5 Responses to “Enough to make an Orang Utan laugh”

  1. Henry chance says:

    In China they suggest burning corn stalks and roughage for heat. (less coal)In America, they are now clamoring for cellulosic ethanol. Both processes deplete the soils and hamper soil fertility. You can suggest dangerous farming methods and act like they solve problems because most city peiople do not have a clue.
    I understand this farming and see it is just as bad as overgrazing by sheep.

  2. ADE says:

    Money,Money,Money,forget global warming ,its ALL about the MONEY.
    Greenpeace and WLF hung by their own publicity of LIES.

  3. Graham says:

    The trouble with the word burn is that the gas CO2 is usually the result.

    Go near a fossil fuel and burning creates CO2, but if it’s a bio-fuel they still use the word ‘burn’ but miss out that it also creates CO2.

    There may be advantages in some apects of bio-fuel production and disadvantages in other aspects and overall the only benefit is in reducing our dependence on fossil fuels, but it’s hardly worth losing the last of the world’s virgin rainforest habitats for, and I’m no environmentalist.

  4. bart says:

    Although I’m very skeptical about AGW and wholeheartedly support the message of this blog, I’m actually pro-biofuel and know that different sources have different efficacy. The reason I’m really pro-biofuel is not greenhouse concerns, but energy security concerns. We should never be held hostage by countries with backward dictatorships like Iran and Venezuela. The path to stabilized energy prices and energy independence definitely involves carbon neutral biofuels (algal biofuel in particular)…whether or not AGW is real.

  5. Tel says:

    Bart,

    As it turns our I completely agree with you. One day (not too far from now) the oil will become prohibitively expensive (it will never actually run out, just become gradually more scarce). We will need to switch to alternatives. However, fairyland science will not help us handle any difficult technological situation. While our heads of state waste their time and our money wringing hands over CO2, we cannot make intelligent decisions about alternative energy.

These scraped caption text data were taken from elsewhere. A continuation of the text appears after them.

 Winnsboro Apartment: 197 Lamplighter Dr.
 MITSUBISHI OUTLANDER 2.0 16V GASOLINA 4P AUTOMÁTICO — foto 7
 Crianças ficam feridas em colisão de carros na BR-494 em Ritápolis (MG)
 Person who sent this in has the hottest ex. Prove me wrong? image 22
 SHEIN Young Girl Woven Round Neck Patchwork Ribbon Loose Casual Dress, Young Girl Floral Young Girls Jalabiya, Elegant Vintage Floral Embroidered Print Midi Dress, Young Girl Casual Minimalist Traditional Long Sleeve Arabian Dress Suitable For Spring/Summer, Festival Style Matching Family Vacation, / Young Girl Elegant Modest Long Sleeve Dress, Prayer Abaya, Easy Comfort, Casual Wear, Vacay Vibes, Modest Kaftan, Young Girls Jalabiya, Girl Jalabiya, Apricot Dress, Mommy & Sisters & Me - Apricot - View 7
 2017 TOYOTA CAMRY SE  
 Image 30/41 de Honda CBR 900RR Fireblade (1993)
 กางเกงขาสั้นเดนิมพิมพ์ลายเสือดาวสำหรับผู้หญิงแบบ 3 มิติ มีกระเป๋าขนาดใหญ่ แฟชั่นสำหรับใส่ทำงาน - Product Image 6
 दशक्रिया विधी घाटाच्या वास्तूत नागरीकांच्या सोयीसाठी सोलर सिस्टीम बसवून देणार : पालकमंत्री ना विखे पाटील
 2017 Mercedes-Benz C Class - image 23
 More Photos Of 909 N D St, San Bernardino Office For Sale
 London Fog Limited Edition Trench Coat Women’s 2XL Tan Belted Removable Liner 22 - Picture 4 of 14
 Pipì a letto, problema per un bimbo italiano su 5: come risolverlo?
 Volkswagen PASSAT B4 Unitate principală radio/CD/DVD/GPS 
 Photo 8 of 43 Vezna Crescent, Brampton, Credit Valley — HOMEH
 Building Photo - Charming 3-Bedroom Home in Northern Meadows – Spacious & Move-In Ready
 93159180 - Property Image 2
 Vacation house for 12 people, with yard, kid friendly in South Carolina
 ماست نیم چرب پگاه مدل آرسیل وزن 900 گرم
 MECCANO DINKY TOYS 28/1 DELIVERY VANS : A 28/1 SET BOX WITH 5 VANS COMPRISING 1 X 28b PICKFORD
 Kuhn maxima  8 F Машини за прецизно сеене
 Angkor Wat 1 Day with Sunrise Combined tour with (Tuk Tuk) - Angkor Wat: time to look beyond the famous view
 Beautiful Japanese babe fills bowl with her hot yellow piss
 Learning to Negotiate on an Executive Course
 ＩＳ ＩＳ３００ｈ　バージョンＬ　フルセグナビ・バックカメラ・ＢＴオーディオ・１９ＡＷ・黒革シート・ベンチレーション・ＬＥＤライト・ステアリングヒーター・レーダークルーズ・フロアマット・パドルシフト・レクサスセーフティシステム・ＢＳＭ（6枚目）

    In Australia we have CO2 accounting set such that ripping up a field of wheat and allowing scrub to grow over the field is a carbon “credit” even when the scrub burns back to bare earth in 10 years when a bushfire goes through (as inevitably fires go through all scrub sooner or later). You can shoot feral camels all day and have no accounted impact on methane production, but if you capture and domesticate those same camels you need to buy a permit for the “additional” methane production. These sort of insanities inject wacko false signals into the market, which in turn will induce the government to attempt correction with more and more regulation.

    Thus, we must first get science itself back on the rails, and return the policy discussion to evidence-based decisions and a free market in real goods (not a pretend market in unaccountable permit certificates). Only then can we move forward in alternative energy policy (and you know that coal is still looking pretty darn good as an energy source for at least the next 50 years).